Since her dance studio closed last month, Justine Lennane has barely left the house, save for a quick trip with her kids to get the flu shot or a spot of exercise, the risk is far too great.
Her husband, James, does essential shopping in short bursts donned in gloves and a mask, there are regular family cricket matches and the treadmill is finally getting a good work out. Both parents are working from home and their children, Max, 13, and Josie, 10, were pulled out of school days before government advice.
"We're all in the high risk [group], I have asthma and so do my kids and my husband and I are both immunosuppressed," Mrs Lennane said.
"We decided on March 20 we would self-isolate regardless of what the schools did."
"The kids were fine with it, they understood and they were getting too stressed at school anyway."
The family should have been returning from a South Coast holiday this week, plans Mrs Lennane said will be postponed to later in the year, or next. Likewise, a family trip to the Sunshine Coast in the September school holidays is unlikely to go ahead.
"We had a four night trip to Broulee ... we had planned out where we'd eat each day and which businesses we could support," she said.
Despite Mrs Lennane's kids dance studio closing last month she said her work hours have increased as she strategises to retain staff and students with online classes.
"Overnight the business was closed, that had a big impact on the family because it's a big part of our life," she said.
"I'm trying to turn it into a positive ... it felt like a grief because I'd lost my business."

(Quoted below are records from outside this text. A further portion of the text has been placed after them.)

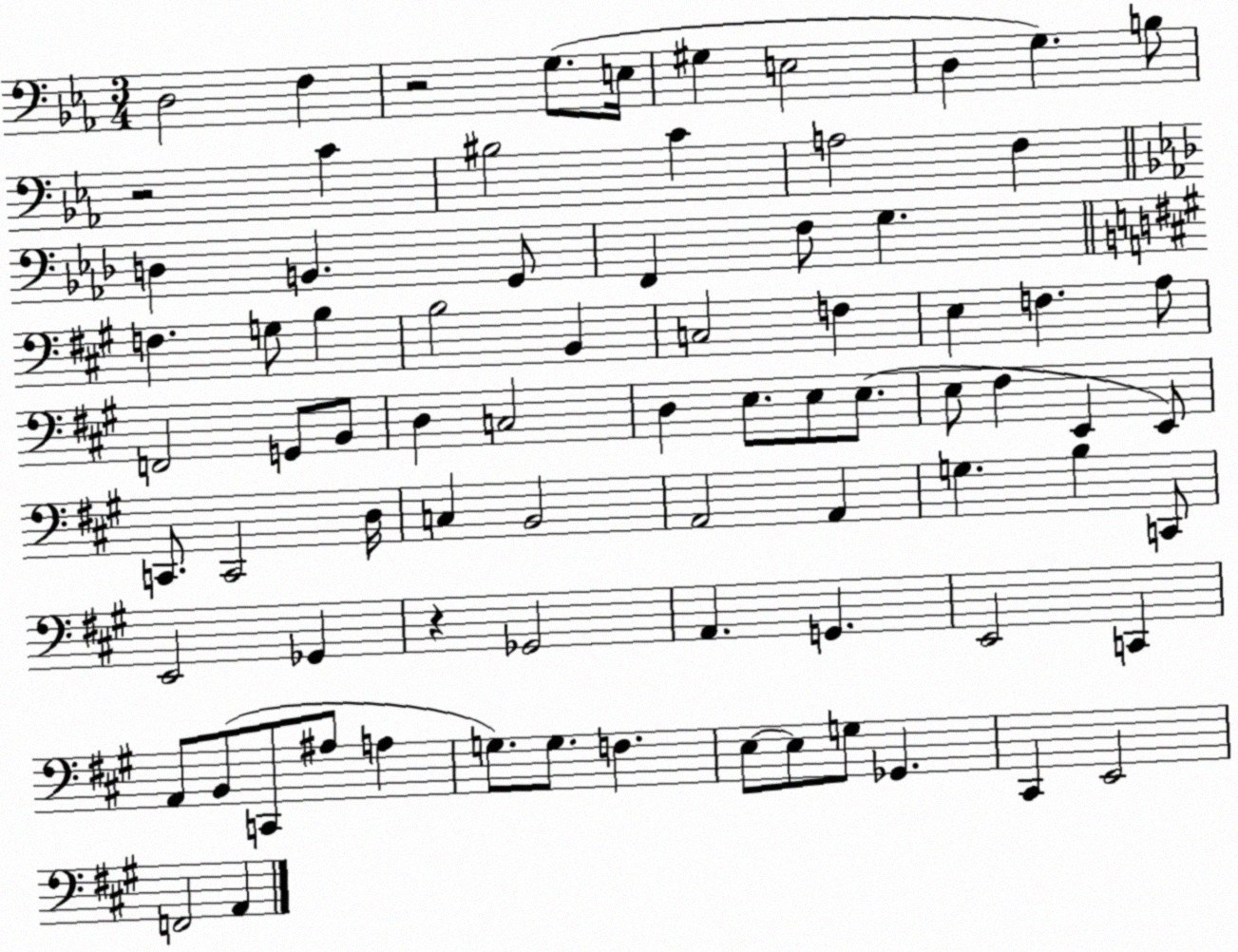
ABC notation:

X:1
T:Untitled
M:3/4
L:1/4
K:Eb
D,2 F, z2 G,/2 E,/4 ^G, E,2 D, G, B,/2 z2 C ^B,2 C A,2 F, D, B,, G,,/2 F,, F,/2 G, F, G,/2 B, B,2 B,, C,2 F, E, F, A,/2 F,,2 G,,/2 B,,/2 D, C,2 D, E,/2 E,/2 E,/2 E,/2 ^F, E,, E,,/2 C,,/2 C,,2 D,/4 C, B,,2 A,,2 A,, G, B, C,,/2 E,,2 _G,, z _G,,2 A,, G,, E,,2 C,, A,,/2 B,,/2 C,,/2 ^A,/2 A, G,/2 G,/2 F, E,/2 E,/2 G,/2 _G,, ^C,, E,,2 F,,2 A,,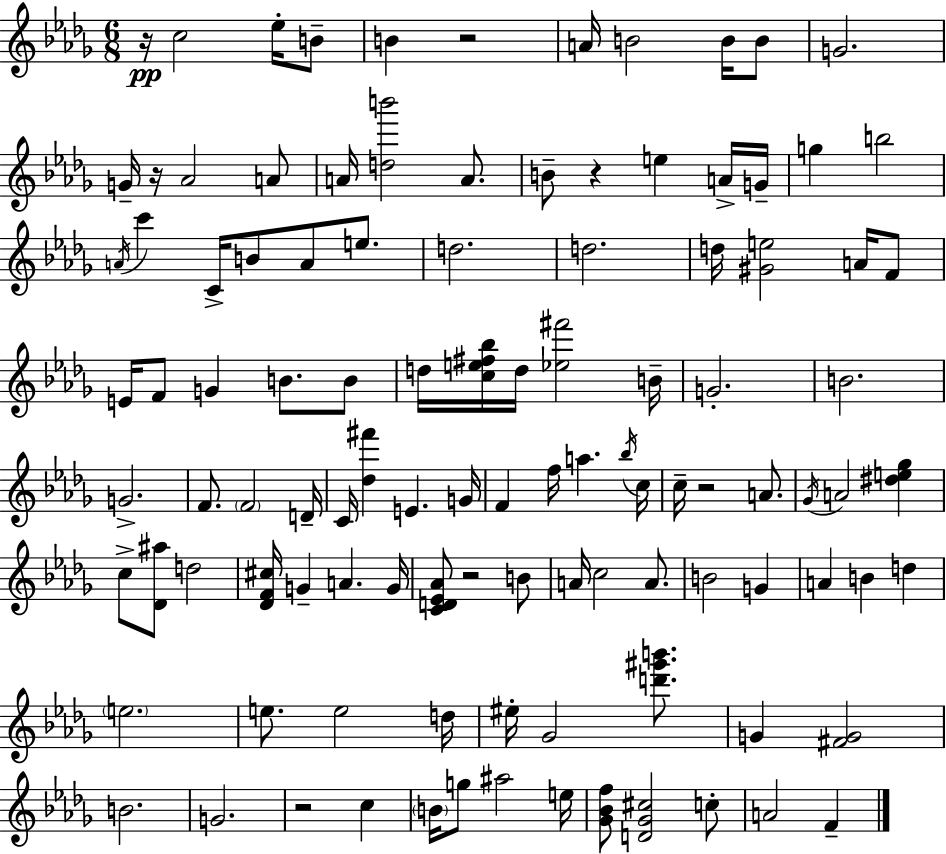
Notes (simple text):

R/s C5/h Eb5/s B4/e B4/q R/h A4/s B4/h B4/s B4/e G4/h. G4/s R/s Ab4/h A4/e A4/s [D5,B6]/h A4/e. B4/e R/q E5/q A4/s G4/s G5/q B5/h A4/s C6/q C4/s B4/e A4/e E5/e. D5/h. D5/h. D5/s [G#4,E5]/h A4/s F4/e E4/s F4/e G4/q B4/e. B4/e D5/s [C5,E5,F#5,Bb5]/s D5/s [Eb5,F#6]/h B4/s G4/h. B4/h. G4/h. F4/e. F4/h D4/s C4/s [Db5,F#6]/q E4/q. G4/s F4/q F5/s A5/q. Bb5/s C5/s C5/s R/h A4/e. Gb4/s A4/h [D#5,E5,Gb5]/q C5/e [Db4,A#5]/e D5/h [Db4,F4,C#5]/s G4/q A4/q. G4/s [C4,D4,Eb4,Ab4]/e R/h B4/e A4/s C5/h A4/e. B4/h G4/q A4/q B4/q D5/q E5/h. E5/e. E5/h D5/s EIS5/s Gb4/h [D6,G#6,B6]/e. G4/q [F#4,G4]/h B4/h. G4/h. R/h C5/q B4/s G5/e A#5/h E5/s [Gb4,Bb4,F5]/e [D4,Gb4,C#5]/h C5/e A4/h F4/q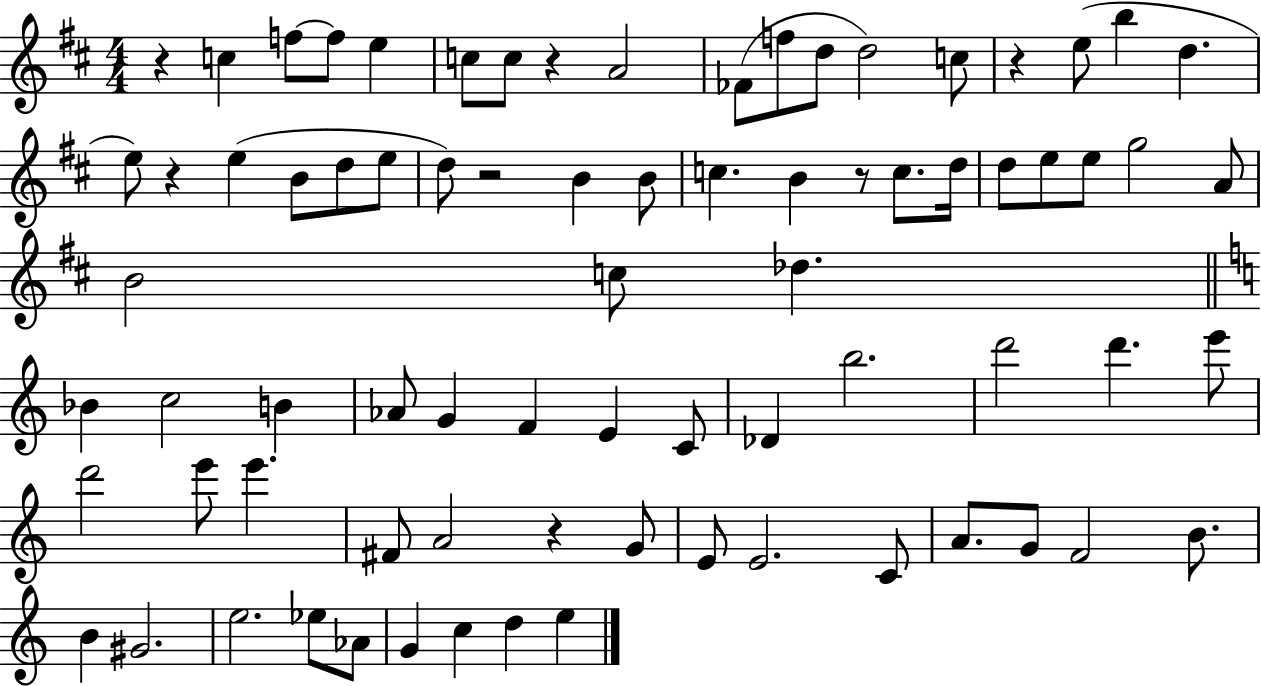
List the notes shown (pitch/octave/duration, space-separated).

R/q C5/q F5/e F5/e E5/q C5/e C5/e R/q A4/h FES4/e F5/e D5/e D5/h C5/e R/q E5/e B5/q D5/q. E5/e R/q E5/q B4/e D5/e E5/e D5/e R/h B4/q B4/e C5/q. B4/q R/e C5/e. D5/s D5/e E5/e E5/e G5/h A4/e B4/h C5/e Db5/q. Bb4/q C5/h B4/q Ab4/e G4/q F4/q E4/q C4/e Db4/q B5/h. D6/h D6/q. E6/e D6/h E6/e E6/q. F#4/e A4/h R/q G4/e E4/e E4/h. C4/e A4/e. G4/e F4/h B4/e. B4/q G#4/h. E5/h. Eb5/e Ab4/e G4/q C5/q D5/q E5/q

The Gumnut Dance director is used to working from home but has recently needed to implement strict work hours.
"I've been working more. I don't know what I'm doing to get at the end of it, I don't know if I'm going to succeed," she said.
"I just put in whatever hours need to be done."

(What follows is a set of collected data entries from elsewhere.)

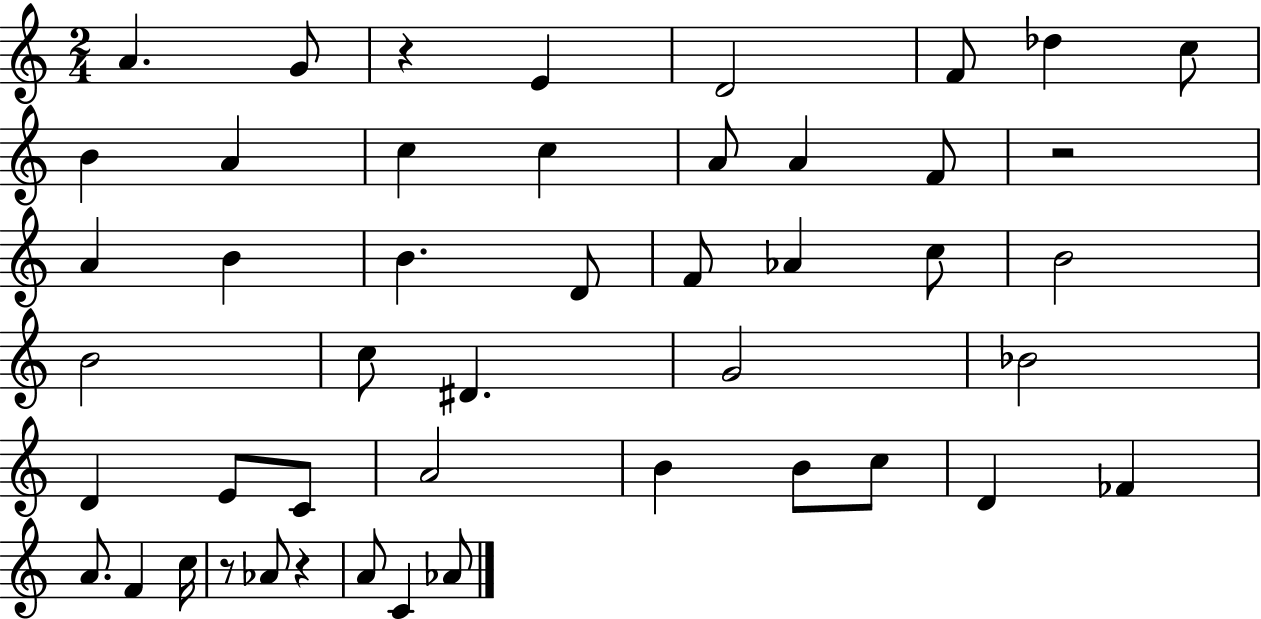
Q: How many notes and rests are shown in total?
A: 47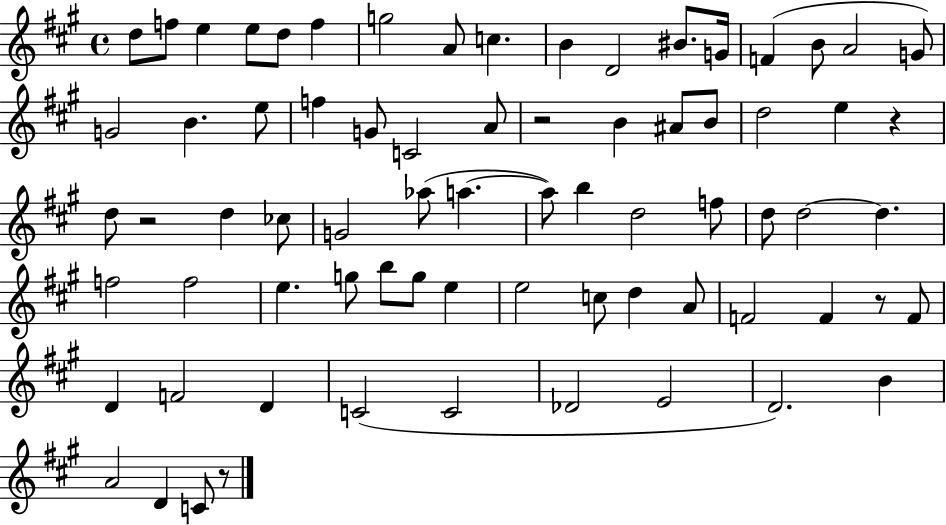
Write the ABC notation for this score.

X:1
T:Untitled
M:4/4
L:1/4
K:A
d/2 f/2 e e/2 d/2 f g2 A/2 c B D2 ^B/2 G/4 F B/2 A2 G/2 G2 B e/2 f G/2 C2 A/2 z2 B ^A/2 B/2 d2 e z d/2 z2 d _c/2 G2 _a/2 a a/2 b d2 f/2 d/2 d2 d f2 f2 e g/2 b/2 g/2 e e2 c/2 d A/2 F2 F z/2 F/2 D F2 D C2 C2 _D2 E2 D2 B A2 D C/2 z/2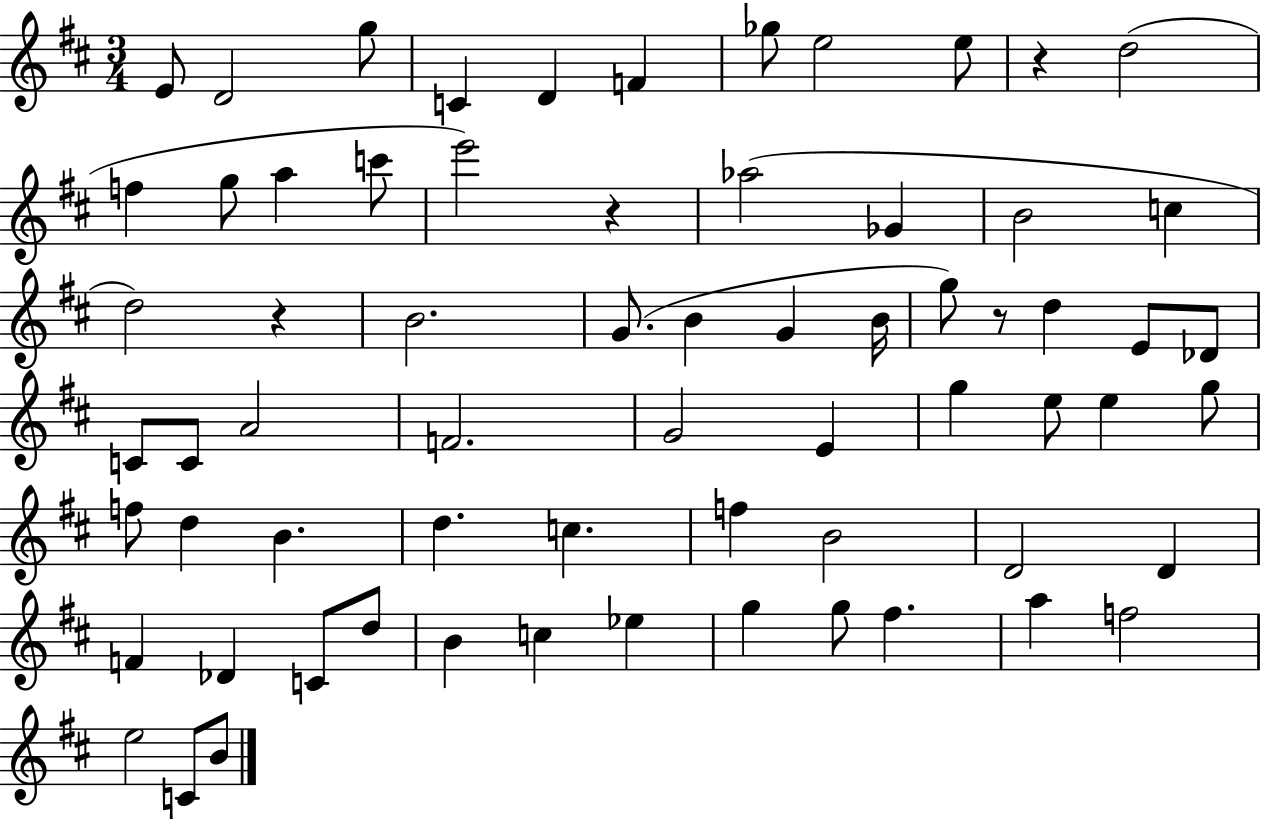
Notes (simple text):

E4/e D4/h G5/e C4/q D4/q F4/q Gb5/e E5/h E5/e R/q D5/h F5/q G5/e A5/q C6/e E6/h R/q Ab5/h Gb4/q B4/h C5/q D5/h R/q B4/h. G4/e. B4/q G4/q B4/s G5/e R/e D5/q E4/e Db4/e C4/e C4/e A4/h F4/h. G4/h E4/q G5/q E5/e E5/q G5/e F5/e D5/q B4/q. D5/q. C5/q. F5/q B4/h D4/h D4/q F4/q Db4/q C4/e D5/e B4/q C5/q Eb5/q G5/q G5/e F#5/q. A5/q F5/h E5/h C4/e B4/e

"My hours have increased and they're a bit all over the place ... I've had to place structure around what I do otherwise I found myself checking emails at nine o'clock at night."
The studio's six staff members have kept their jobs, however, Mrs Lennane said there was not as much for some of her employees working remotely to do.
Ahead of classes restarting for term two Mrs Lennane expected a change to enrollment numbers amid the digital shift but was determined to maintain a semblance of normality for staff.
"I've applied for JobKeeper ... I gave them an out at the beginning, I said to them this is huge, if you just want to have time with your family and do your studies, you can'," she said.
"They've all stayed, they love it. They're missing their students and they really like the opportunity to be creative."